OpenReg: A Self-Contained PyTorch Out-of-Tree Backend Implementation Using "PrivateUse1" Mechanism

by Zhenbin Lin (Huawei)

OpenReg is a self-contained demonstration of a PyTorch out-of-tree backend implementation utilizing the core framework’s “PrivateUse1” mechanism. This implementation serves two primary purposes:

Reference Implementation: Provides a practical template for third-party device vendors integrating with PyTorch through PrivateUse1.
CI Testing Infrastructure: Enables device-agnostic testing capabilities for continuous integration pipelines.

Usage

Module Installation

cd {project}/test/cpp_extensions/open_registration_extension
python setup.py install

Use Case

import torch
import pytorch_openreg

if __name__ == "__main__":
   print(torch.ones(1, 2, device='openreg'))

Architectural Overview

Process Management

OpenReg implements virtual device isolation by spawning N independent subprocesses, each maintaining dedicated request/response queues for inter-process communication. The parent process driver encapsulates device operations into command packets that are:

Dispatched to target devices via request queues
Processed asynchronously with results returned through response queues

Parent-Subprocess Communication Flow

Figure: Parent-Subprocess Communication Flow

Memory Management

Device memory allocations occur within individual subprocesses to ensure:

Strict memory isolation between devices
Realistic simulation of physical device constraints

Component Breakdown

_aten_impl.py

This module handles dual responsibilities:

Hook Registration:
- Utilizes _IMPL_REGISTRY to bind C++ backend hooks (e.g., getDevice, getStream) to device driver implementations
Fallback Mechanism:
- Define a new torch.Library that registers a fallback that will be called whenever a backend kernel for PrivateUse1 is called.
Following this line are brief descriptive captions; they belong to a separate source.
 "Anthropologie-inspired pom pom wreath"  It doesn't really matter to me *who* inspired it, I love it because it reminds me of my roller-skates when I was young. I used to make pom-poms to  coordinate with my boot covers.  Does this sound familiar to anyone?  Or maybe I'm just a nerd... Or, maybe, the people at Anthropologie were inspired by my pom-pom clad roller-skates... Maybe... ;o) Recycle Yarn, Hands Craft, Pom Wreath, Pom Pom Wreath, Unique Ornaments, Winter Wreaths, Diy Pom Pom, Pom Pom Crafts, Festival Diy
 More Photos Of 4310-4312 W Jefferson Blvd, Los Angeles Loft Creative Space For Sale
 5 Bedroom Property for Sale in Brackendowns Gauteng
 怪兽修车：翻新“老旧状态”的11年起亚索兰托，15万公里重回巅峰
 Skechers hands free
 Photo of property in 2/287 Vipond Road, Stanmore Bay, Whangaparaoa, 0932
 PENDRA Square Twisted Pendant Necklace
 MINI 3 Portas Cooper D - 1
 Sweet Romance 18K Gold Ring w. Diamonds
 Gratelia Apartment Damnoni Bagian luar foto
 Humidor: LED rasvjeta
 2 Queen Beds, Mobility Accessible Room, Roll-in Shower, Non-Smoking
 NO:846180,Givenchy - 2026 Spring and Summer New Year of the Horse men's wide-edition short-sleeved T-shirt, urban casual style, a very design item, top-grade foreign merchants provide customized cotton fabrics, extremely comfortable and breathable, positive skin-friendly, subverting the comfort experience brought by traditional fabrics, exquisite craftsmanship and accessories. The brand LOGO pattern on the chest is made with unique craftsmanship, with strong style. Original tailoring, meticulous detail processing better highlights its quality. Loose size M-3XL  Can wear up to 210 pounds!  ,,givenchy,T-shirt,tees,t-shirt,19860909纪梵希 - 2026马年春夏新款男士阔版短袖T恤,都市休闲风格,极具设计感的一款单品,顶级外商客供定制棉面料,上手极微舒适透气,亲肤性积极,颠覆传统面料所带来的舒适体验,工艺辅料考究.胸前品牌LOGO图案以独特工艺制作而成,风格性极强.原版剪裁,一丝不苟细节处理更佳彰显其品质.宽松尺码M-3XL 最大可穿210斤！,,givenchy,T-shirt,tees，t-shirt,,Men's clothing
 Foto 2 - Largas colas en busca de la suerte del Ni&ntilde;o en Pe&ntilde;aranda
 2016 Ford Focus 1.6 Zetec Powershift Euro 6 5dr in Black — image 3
It contains the logic to handle all kind of native functions, computing the output metadata, allocating it and only calling into the device daemon to perform computation

_device_daemon.py

Core Subsystems

Allocators:
- HostAllocator: Manages pinned memory in parent process
- DeviceAllocator: Handles device memory with tensor reconstruction capabilities
Driver (Parent Process):
- Maintains device context (active device/streams)
- Implements device control operations:
  - setDevice/getDevice
  - deviceCount
  - exchangeStream
- Orchestrates command execution through queue-based IPC
Executor (Subprocess):
- Processes command types:
  - Memory operations (malloc/free)
  - Tensor computations (run_op)
  - Data transfers (send_data/recv_data)
  - Stream/event management (primarily no-op due to CPU sync nature)

_meta_parser.py

Key Features:

Implements serialization utilities for cross-process object transfer
OpenRegTensorMeta class encapsulates complete tensor metadata for:
- Output tensor reconstruction
- Device-side computation preparation

Design Considerations

Execution Characteristics

Synchronous Computation: CPU operator execution necessitates synchronous processing
Stream/Event Semantics: Implemented as no-ops due to synchronous execution model
Memory Isolation: Strict per-device memory boundaries enforced through subprocess allocation

This architecture enables realistic simulation of device integration while maintaining PyTorch compatibility through standard backend interfaces.